> DIRECTIONS FOR THIS TASK
Using the data below, output the first line and every line after it up to and including the line containing "Summer Beach Seamless", exactly as written and with nothing added.

(Collected data)
* * *
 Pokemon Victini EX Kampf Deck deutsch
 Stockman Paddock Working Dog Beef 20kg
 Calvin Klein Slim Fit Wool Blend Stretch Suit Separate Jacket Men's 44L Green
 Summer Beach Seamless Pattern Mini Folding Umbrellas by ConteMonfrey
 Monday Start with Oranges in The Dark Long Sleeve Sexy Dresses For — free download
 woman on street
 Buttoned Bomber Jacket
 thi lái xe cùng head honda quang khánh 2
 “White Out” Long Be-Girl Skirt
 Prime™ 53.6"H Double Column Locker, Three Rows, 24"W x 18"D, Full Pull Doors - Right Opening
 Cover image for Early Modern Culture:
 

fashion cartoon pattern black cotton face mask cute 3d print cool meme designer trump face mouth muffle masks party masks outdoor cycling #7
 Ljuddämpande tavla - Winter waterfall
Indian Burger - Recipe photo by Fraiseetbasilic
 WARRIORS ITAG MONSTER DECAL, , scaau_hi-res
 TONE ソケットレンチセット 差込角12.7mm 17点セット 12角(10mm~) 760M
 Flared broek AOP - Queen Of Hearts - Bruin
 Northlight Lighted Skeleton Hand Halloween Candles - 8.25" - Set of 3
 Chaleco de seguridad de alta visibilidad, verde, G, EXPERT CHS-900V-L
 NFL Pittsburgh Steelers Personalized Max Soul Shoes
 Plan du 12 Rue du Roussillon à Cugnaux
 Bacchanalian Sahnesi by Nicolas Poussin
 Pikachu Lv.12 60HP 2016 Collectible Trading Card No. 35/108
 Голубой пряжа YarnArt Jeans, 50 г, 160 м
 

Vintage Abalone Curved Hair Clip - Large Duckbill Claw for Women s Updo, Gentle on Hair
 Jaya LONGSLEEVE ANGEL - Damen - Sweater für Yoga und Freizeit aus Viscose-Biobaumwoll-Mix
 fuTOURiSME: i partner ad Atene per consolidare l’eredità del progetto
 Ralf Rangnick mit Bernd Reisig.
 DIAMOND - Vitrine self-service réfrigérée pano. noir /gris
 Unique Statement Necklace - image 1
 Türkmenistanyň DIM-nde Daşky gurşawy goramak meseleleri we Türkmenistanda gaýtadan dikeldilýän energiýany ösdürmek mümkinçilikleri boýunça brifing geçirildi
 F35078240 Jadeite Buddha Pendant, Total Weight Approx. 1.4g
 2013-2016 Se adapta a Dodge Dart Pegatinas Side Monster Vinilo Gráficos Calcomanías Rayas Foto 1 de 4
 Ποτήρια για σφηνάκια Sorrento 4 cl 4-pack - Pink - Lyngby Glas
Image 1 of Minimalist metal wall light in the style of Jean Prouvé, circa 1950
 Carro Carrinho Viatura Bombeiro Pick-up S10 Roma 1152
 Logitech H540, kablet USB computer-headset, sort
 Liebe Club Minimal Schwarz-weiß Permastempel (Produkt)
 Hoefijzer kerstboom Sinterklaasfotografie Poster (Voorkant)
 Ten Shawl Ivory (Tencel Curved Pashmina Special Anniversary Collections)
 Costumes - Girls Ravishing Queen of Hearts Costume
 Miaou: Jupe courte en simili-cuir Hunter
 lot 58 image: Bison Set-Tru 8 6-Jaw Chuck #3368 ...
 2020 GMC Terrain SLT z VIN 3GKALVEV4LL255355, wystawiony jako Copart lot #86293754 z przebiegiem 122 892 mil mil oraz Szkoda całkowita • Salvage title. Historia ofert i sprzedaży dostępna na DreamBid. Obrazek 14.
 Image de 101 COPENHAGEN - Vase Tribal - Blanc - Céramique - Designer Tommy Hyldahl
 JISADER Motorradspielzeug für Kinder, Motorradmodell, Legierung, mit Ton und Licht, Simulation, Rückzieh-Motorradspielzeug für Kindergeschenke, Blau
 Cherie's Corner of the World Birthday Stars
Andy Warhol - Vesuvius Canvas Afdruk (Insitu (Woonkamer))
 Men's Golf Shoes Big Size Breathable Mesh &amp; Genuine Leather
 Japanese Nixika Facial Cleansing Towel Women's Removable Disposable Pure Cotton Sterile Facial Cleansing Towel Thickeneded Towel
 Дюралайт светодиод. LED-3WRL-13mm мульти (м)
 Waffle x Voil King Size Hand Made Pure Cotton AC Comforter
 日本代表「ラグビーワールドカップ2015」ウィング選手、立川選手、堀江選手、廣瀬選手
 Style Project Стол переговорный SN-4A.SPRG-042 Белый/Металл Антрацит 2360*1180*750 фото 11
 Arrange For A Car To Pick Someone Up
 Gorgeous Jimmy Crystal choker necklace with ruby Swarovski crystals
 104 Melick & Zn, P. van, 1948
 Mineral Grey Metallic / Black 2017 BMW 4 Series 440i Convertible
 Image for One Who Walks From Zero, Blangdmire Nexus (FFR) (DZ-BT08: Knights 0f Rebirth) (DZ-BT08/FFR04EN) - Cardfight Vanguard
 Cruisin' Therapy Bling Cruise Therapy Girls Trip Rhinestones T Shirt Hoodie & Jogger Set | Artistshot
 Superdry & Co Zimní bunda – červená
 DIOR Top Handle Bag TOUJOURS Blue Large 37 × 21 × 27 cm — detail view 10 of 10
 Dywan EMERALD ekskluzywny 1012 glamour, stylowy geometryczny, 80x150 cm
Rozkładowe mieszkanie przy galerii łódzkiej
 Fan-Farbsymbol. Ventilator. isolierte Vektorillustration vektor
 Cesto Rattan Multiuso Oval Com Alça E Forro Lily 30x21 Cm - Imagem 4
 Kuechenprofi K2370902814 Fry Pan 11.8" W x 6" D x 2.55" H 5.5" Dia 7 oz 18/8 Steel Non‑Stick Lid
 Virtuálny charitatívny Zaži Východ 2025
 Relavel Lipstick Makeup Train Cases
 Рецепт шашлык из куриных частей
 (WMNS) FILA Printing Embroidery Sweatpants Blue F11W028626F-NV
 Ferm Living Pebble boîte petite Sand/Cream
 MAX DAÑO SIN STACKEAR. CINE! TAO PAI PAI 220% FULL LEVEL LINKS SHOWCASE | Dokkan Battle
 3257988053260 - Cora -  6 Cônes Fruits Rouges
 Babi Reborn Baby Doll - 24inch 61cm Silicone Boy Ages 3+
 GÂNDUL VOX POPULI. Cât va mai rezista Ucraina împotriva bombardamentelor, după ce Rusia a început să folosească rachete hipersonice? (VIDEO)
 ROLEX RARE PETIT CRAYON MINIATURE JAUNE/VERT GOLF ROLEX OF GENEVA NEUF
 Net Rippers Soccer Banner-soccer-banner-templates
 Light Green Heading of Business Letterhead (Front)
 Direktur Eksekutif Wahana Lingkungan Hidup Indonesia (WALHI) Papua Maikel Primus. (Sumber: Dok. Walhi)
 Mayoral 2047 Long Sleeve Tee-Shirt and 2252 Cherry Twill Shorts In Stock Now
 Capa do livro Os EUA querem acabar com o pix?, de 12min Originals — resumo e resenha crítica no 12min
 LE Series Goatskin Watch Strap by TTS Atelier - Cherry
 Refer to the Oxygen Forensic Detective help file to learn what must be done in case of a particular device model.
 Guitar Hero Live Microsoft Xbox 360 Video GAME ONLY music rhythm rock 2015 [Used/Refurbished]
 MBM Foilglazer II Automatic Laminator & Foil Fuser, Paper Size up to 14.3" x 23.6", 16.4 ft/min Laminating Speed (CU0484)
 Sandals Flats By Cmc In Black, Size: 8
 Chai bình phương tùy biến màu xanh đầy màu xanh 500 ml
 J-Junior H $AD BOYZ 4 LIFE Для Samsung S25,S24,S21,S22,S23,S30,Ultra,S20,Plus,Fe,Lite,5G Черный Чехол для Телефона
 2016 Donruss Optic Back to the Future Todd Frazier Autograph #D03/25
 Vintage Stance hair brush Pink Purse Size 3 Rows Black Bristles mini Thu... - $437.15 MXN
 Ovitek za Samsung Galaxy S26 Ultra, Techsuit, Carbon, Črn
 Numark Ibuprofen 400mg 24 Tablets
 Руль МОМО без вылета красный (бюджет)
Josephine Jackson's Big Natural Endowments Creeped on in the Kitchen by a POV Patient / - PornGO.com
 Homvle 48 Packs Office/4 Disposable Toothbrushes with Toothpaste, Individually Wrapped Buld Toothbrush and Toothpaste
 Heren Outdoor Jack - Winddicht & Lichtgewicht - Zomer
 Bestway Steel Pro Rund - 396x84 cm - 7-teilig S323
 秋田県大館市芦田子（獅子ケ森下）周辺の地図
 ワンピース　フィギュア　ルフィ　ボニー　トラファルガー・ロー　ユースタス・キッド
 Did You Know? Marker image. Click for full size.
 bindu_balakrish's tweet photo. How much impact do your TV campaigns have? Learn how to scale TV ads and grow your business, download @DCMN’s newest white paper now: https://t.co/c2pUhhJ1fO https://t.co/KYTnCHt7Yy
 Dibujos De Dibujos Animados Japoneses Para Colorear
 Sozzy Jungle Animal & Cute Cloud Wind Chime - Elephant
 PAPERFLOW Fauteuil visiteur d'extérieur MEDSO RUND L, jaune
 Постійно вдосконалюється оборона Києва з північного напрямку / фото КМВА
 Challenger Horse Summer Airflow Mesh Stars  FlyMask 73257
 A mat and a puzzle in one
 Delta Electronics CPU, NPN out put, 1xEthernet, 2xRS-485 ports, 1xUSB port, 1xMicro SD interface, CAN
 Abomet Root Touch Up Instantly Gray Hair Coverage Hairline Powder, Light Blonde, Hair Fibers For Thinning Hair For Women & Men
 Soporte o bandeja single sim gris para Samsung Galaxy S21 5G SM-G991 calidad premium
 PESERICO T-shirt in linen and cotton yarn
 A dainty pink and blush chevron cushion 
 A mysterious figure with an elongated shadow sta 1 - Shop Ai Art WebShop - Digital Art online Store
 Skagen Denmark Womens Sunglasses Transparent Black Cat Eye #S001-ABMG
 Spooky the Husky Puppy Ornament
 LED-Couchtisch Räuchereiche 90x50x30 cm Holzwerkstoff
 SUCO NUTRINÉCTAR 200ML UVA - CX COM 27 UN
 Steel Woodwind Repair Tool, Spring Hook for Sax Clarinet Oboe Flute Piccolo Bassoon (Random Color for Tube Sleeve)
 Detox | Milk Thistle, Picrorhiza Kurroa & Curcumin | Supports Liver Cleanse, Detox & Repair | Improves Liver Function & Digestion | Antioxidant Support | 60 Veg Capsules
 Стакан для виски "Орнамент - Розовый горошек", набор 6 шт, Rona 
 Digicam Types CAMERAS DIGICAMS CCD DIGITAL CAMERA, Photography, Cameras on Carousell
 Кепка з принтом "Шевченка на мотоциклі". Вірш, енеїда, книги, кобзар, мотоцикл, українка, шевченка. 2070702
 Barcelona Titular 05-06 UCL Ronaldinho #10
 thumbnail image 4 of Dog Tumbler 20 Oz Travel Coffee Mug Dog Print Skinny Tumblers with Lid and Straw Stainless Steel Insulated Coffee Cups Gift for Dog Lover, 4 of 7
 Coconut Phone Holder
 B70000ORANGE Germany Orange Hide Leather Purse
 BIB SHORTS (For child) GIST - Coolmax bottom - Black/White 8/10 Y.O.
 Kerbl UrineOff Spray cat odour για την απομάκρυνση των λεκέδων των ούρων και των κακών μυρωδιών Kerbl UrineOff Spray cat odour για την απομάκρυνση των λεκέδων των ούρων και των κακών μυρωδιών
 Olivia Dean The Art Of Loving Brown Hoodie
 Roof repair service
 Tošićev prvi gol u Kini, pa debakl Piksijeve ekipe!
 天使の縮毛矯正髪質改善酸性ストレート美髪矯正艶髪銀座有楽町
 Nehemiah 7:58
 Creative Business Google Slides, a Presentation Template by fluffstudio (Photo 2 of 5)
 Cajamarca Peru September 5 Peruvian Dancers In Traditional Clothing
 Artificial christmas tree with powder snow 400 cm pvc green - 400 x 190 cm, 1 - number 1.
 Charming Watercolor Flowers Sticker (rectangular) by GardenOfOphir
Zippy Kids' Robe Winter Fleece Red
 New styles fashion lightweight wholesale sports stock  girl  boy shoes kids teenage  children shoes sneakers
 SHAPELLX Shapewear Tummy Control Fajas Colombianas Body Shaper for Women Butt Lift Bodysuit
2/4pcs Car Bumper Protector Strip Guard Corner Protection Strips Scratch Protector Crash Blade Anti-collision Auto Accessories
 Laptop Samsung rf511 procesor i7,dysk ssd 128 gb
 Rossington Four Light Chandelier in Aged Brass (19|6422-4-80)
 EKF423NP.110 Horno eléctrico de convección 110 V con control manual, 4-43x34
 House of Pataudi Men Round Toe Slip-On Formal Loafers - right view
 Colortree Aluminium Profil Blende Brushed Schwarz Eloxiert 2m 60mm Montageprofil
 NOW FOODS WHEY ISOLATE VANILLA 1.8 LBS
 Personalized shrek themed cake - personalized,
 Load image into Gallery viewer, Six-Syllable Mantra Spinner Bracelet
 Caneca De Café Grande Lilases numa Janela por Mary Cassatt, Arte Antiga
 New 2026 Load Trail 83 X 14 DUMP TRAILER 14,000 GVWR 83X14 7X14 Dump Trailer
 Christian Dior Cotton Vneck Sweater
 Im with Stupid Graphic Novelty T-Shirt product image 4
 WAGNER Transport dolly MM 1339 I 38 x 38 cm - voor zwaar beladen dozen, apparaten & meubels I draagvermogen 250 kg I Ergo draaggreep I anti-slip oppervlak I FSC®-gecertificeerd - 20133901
* * *
> TASK RESPONSE
 Pokemon Victini EX Kampf Deck deutsch
 Stockman Paddock Working Dog Beef 20kg
 Calvin Klein Slim Fit Wool Blend Stretch Suit Separate Jacket Men's 44L Green
 Summer Beach Seamless Pattern Mini Folding Umbrellas by ConteMonfrey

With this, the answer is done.